It seems that the All India Council for Technical Education (AICTE) has finally rediscovered its wisdom. AICTE is the prime decision-making national-level council that takes care of technical education in India. It accredits postgraduate and graduate programs under specific categories at Indian institutions as per its charter. You can judge its importance from the fact that some of the top Indian universities/colleges like NITs and IIITs are affiliated with AICTE.
Muktware reported last month about AICTE’s absurd vendor lock-in, in which it mandatory for educational institutes affliated with it to use Microsoft Office 365. This move was highly criticized by the free software community, who insisted that a public-domain organization shouldn’t encourage, or at the very least shouldn’t make mandatory, the use of proprietary offerings when similar free and high-quality alternatives exist.
Bhuvan Krishna, General Secretary, Free Software Movement of India (FSMI), announced on the FOSSCOM mailing list that AICTE has finally agreed to remove the the mandatory clause from the notice on implementing Office365. The decision comes in light of concerns raised by some eminent politicians, free software supporters and people from the academia.

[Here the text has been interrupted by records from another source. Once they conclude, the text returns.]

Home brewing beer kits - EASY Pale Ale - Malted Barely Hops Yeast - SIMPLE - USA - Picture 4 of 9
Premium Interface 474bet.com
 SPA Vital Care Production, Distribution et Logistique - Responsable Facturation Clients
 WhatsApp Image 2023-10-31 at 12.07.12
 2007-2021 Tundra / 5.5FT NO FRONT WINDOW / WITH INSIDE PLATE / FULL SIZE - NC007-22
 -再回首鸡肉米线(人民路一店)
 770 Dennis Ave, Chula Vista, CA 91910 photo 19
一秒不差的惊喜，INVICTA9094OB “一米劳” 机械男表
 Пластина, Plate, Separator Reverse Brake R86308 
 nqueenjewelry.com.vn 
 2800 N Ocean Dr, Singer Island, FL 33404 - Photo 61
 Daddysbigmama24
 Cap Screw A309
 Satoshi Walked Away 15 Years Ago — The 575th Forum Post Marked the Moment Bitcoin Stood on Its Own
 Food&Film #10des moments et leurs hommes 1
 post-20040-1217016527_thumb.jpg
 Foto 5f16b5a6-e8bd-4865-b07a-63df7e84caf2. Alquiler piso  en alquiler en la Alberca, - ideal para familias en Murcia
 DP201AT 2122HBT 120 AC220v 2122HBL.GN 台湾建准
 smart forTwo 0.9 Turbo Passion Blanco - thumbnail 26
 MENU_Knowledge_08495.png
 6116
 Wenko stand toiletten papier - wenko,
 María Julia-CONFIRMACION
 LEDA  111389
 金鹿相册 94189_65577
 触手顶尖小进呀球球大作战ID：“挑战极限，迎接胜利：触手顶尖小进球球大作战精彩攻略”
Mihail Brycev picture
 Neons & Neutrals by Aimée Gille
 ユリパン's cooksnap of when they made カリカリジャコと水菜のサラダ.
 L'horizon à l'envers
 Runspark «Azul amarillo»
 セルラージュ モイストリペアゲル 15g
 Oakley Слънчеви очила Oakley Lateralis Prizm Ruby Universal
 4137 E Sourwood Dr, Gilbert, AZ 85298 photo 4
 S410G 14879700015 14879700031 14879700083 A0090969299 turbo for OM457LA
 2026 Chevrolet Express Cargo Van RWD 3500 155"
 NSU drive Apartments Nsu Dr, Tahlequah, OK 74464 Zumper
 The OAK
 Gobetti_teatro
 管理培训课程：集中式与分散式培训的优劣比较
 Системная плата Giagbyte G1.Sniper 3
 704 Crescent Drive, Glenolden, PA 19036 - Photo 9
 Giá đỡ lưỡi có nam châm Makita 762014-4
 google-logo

A delegation from the Free Software Movement of India and other groups have submitted a representation demanding the revision of the decision of the AICTE making the usage of Office-365 mandatory on the 30th of April 2013.
A group of young parliamentarians led by P Rajeev also made a representation to the AICTE chairman raising concerns that were similar on 07-05-13. The signatories include Rajeev Chandrasekhar, Sitaram Yechury, KN Balagopal, PK Biju CP Narayanan, Prashantho Chatterjee, Tapan Sen, Dr T Seema and MP Achutan.
We understand that the AICTE has now agreed and is removing the mandatory clause from the notice. We welcome this decision. However, we demand that AICTE should revise the decision of using Office-365 totally, as it is not in the interest of the students, institutions and colleges. AICTE as a public funded body should not engage in supporting proprietary systems.